● **DATASET CONTENT**

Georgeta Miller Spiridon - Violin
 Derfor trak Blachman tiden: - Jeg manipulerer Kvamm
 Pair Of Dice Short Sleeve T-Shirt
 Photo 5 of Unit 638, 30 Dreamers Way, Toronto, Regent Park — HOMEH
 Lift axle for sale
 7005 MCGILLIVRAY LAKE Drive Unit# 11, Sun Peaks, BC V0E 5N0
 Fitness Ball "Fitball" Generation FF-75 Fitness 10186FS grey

● **TASK TO CARRY OUT**
Reproduce each line of the data containing the word "Unit".

● **PROBLEM SOLUTION**
 Photo 5 of Unit 638, 30 Dreamers Way, Toronto, Regent Park — HOMEH
 7005 MCGILLIVRAY LAKE Drive Unit# 11, Sun Peaks, BC V0E 5N0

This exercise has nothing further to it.